• [Required work] Write out exactly the lines below starting at the one containing "Ayurveda-Massage Wien (60 min)" and ending at the one containing "Apartamento, 2 quartos, 58 m² - Foto 27". Omit every picture.

** Opening Stored data block **

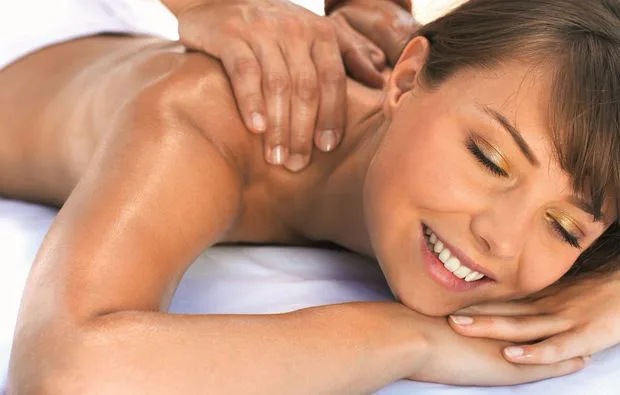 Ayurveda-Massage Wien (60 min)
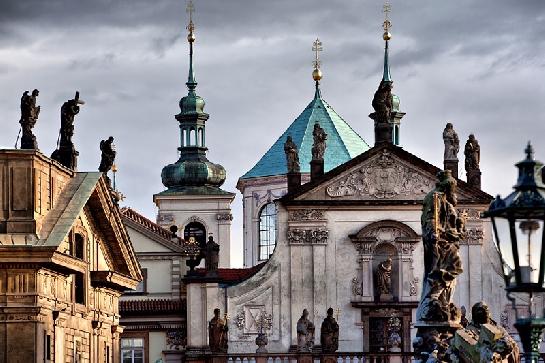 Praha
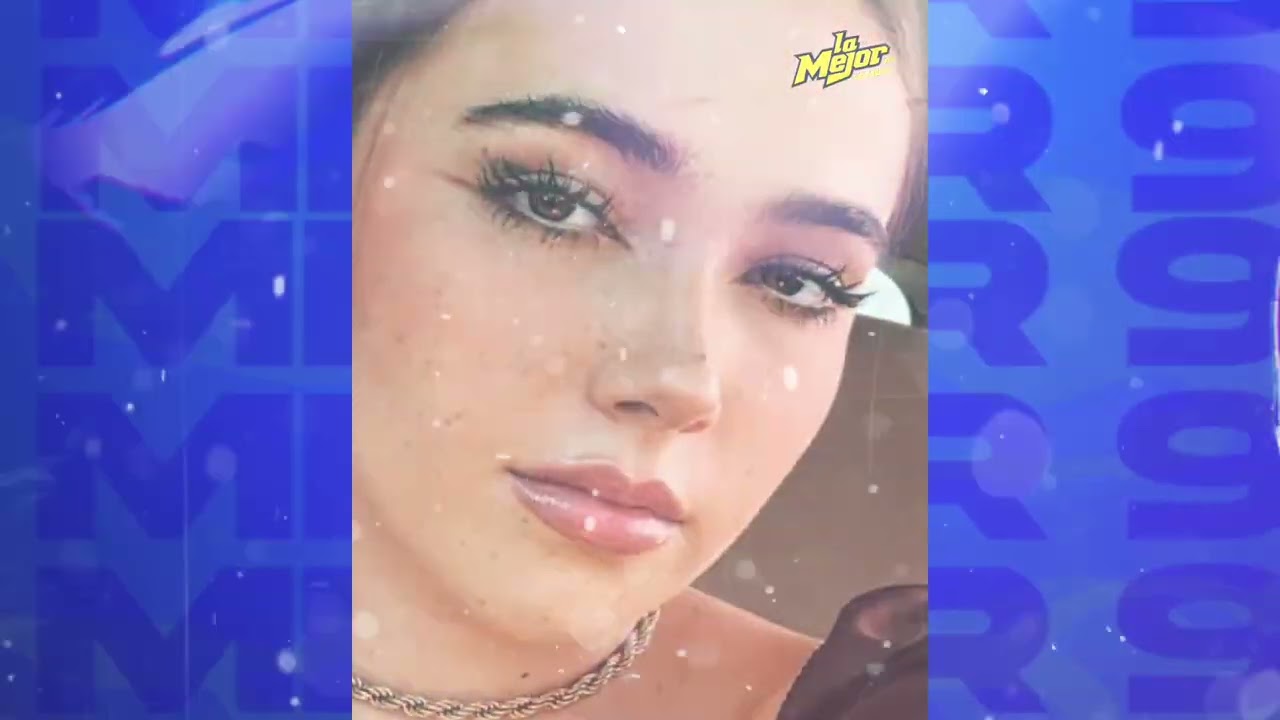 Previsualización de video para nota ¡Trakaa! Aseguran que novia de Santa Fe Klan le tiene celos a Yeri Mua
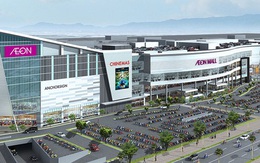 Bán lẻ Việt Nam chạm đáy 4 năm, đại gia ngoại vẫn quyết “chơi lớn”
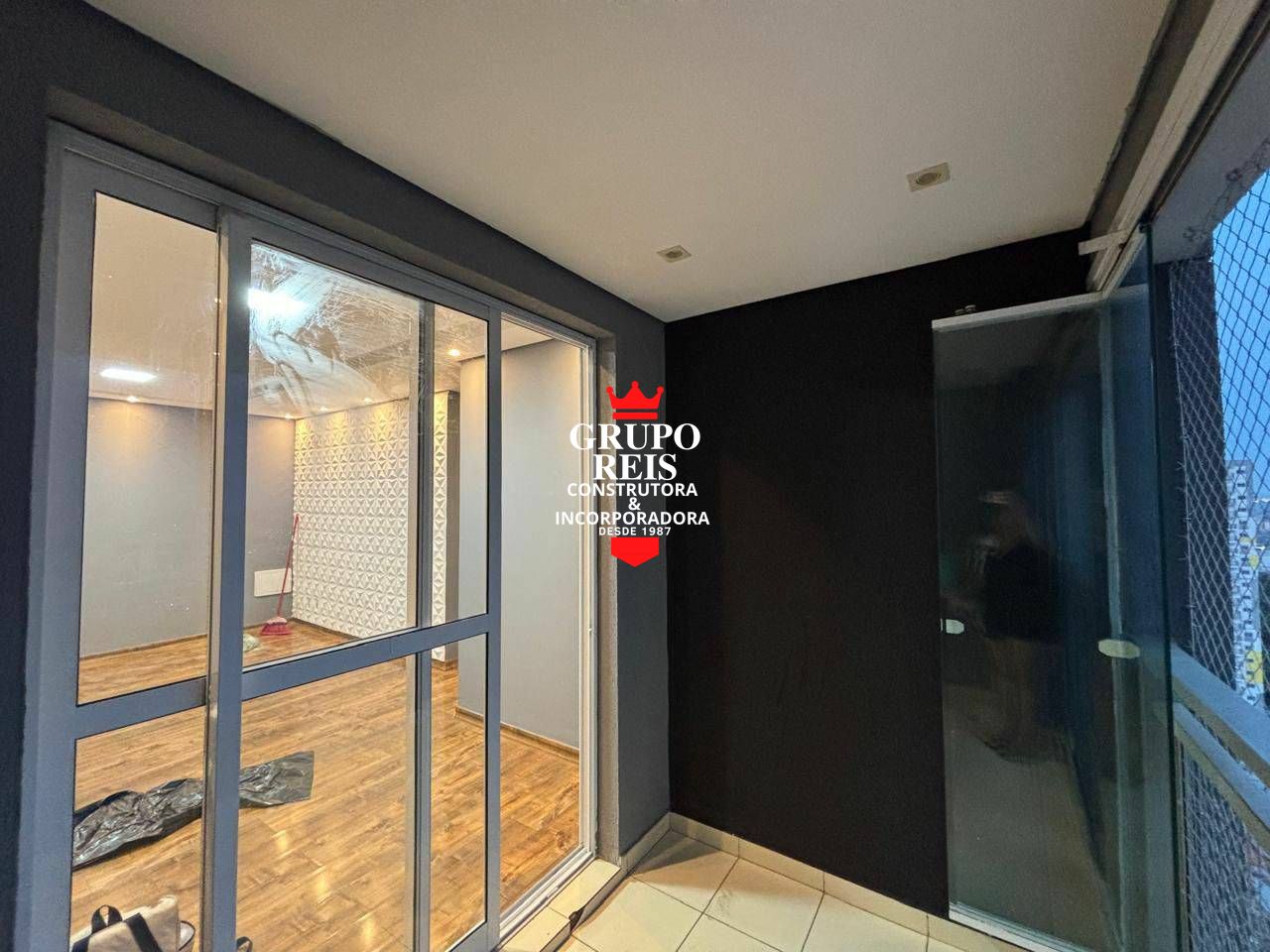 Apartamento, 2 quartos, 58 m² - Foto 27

** Closing Stored data block **
** Opening Stored data block **

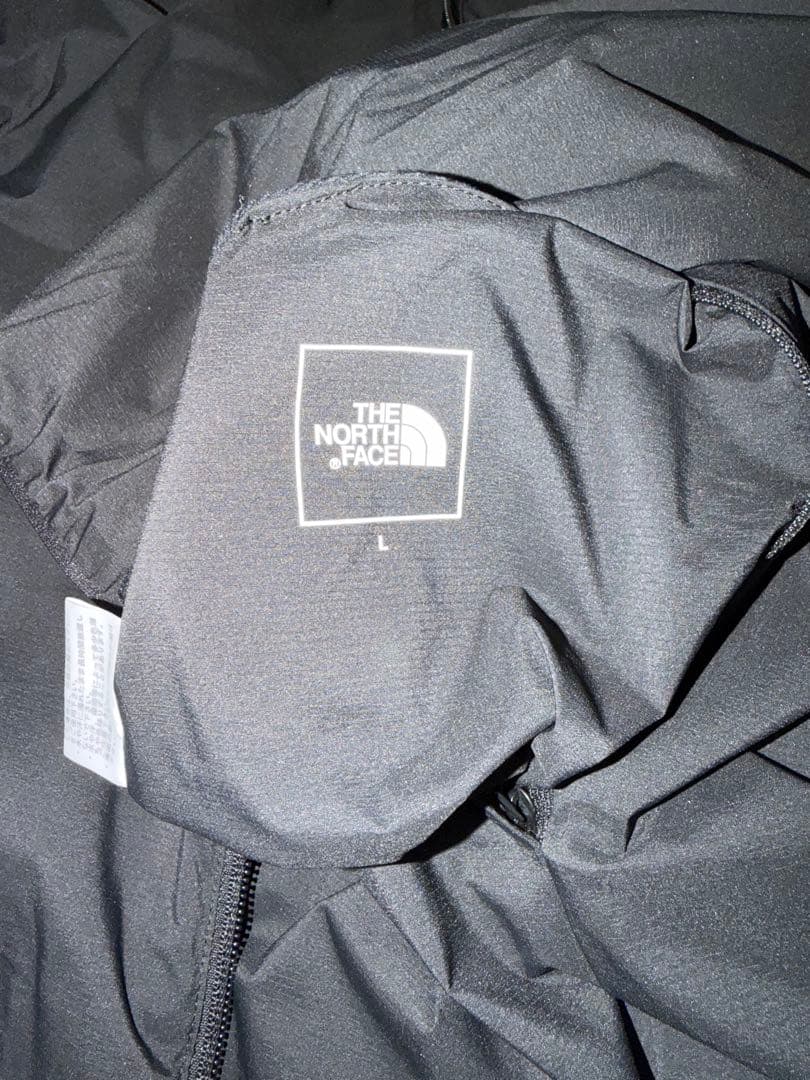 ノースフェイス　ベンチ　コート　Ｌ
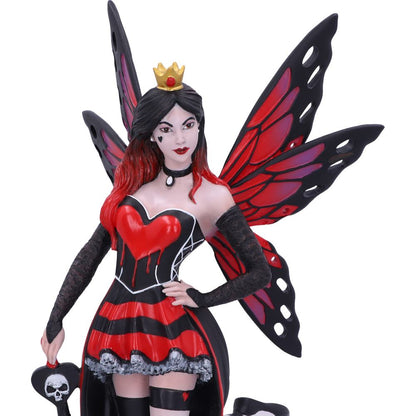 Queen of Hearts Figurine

** Closing Stored data block **

• [Solved problem]
 Ayurveda-Massage Wien (60 min)
 Praha
 Previsualización de video para nota ¡Trakaa! Aseguran que novia de Santa Fe Klan le tiene celos a Yeri Mua
 Bán lẻ Việt Nam chạm đáy 4 năm, đại gia ngoại vẫn quyết “chơi lớn”
 Apartamento, 2 quartos, 58 m² - Foto 27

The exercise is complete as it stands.